Work order: For the data below, transcribe the part that opens with the line containing "HITTIONA 5 in" and closes with the line containing "Купить Nissan Serena В Красноярске", exactly and with no pictures.

Task inputs:
>>>
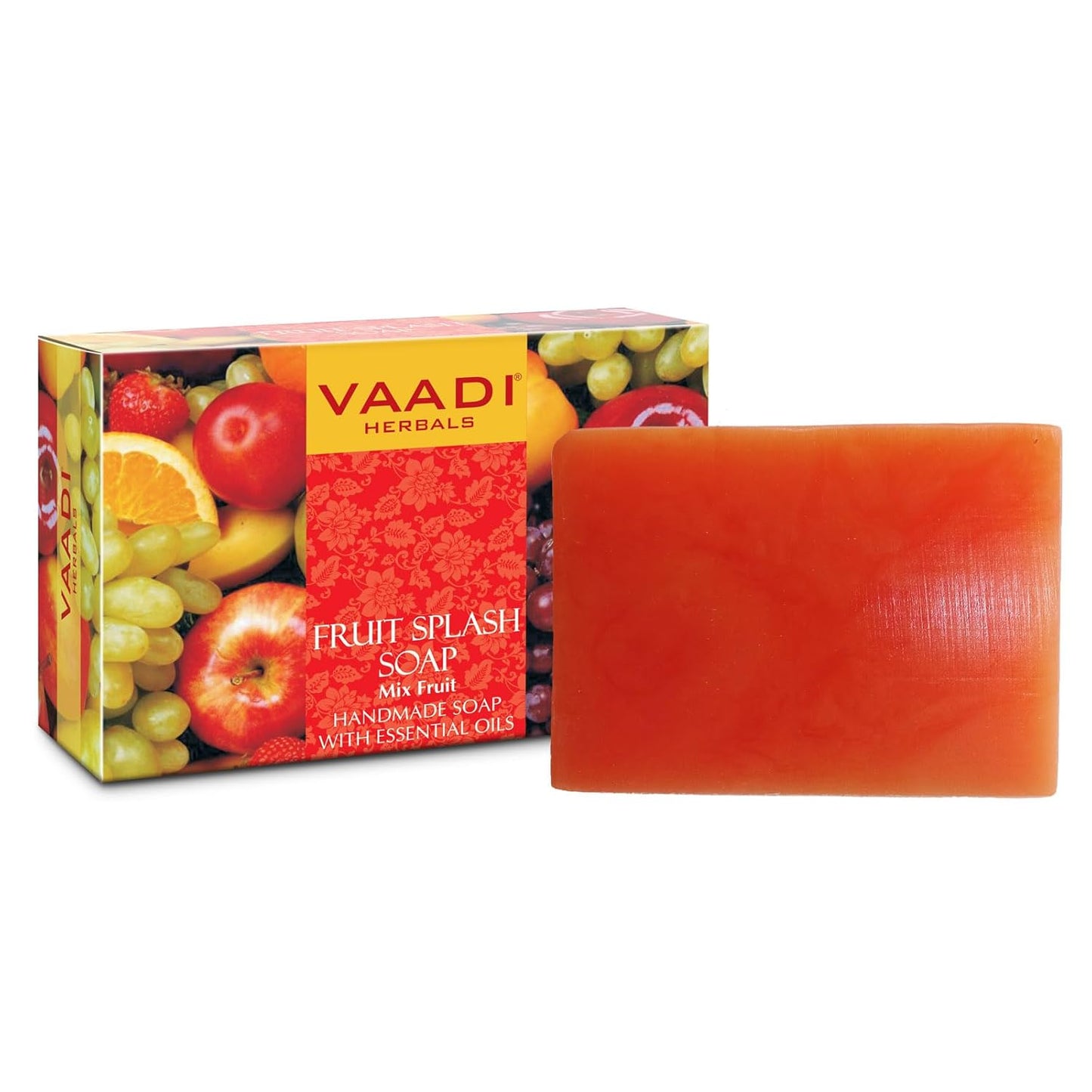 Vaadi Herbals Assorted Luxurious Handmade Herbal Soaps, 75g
<<<
>>>
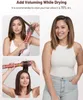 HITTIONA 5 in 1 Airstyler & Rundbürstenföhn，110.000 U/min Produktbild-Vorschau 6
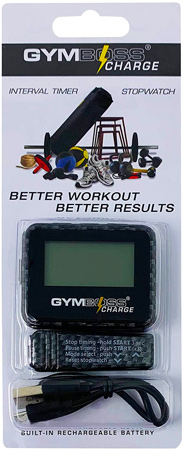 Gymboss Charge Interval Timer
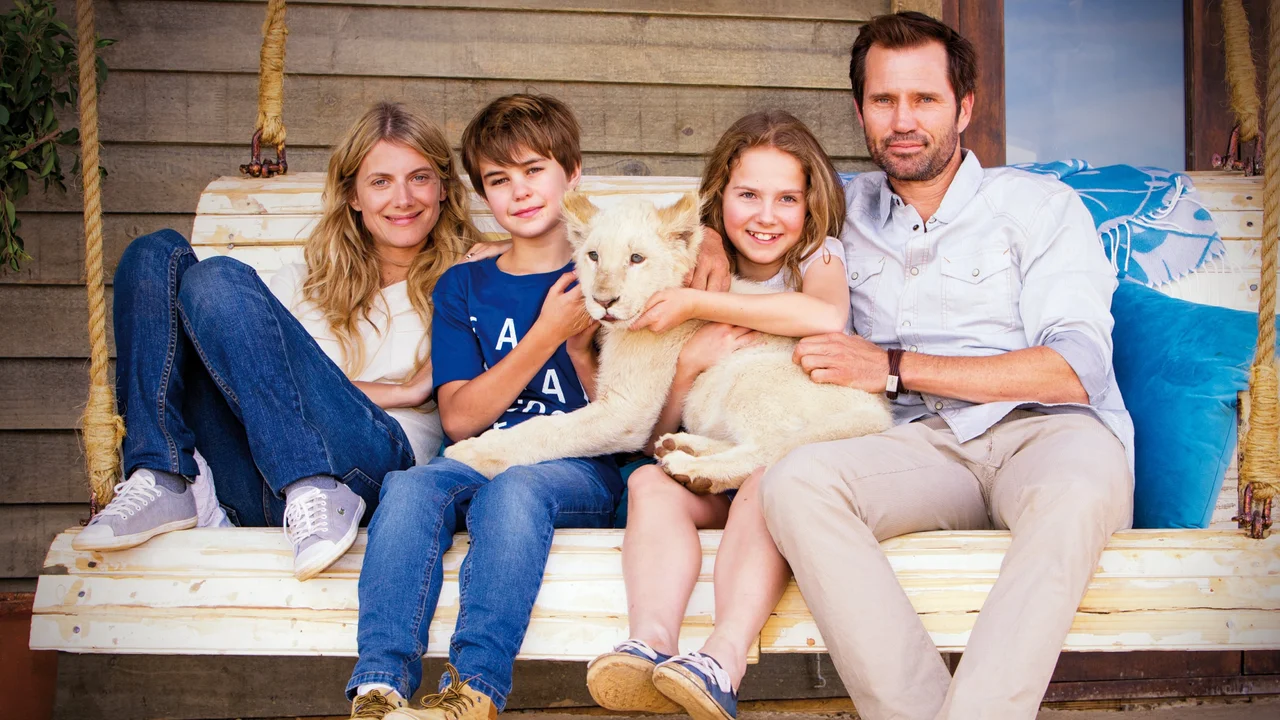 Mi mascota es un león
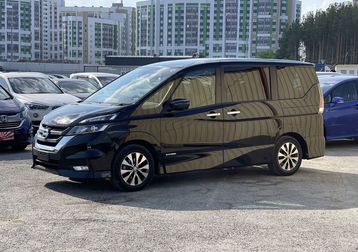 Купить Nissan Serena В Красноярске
<<<
>>>
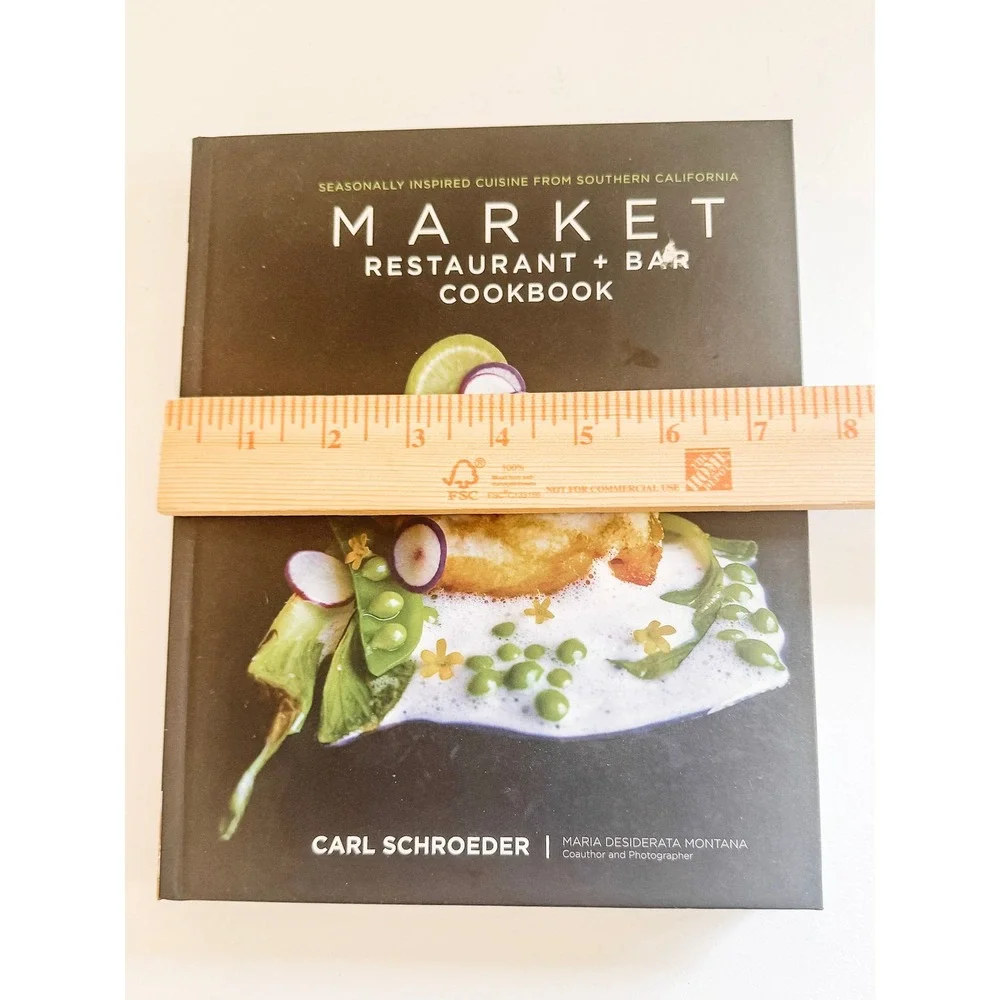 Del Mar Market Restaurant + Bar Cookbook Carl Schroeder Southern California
<<<
Response to the task:
 HITTIONA 5 in 1 Airstyler & Rundbürstenföhn，110.000 U/min Produktbild-Vorschau 6
 Gymboss Charge Interval Timer
 Mi mascota es un león
 Купить Nissan Serena В Красноярске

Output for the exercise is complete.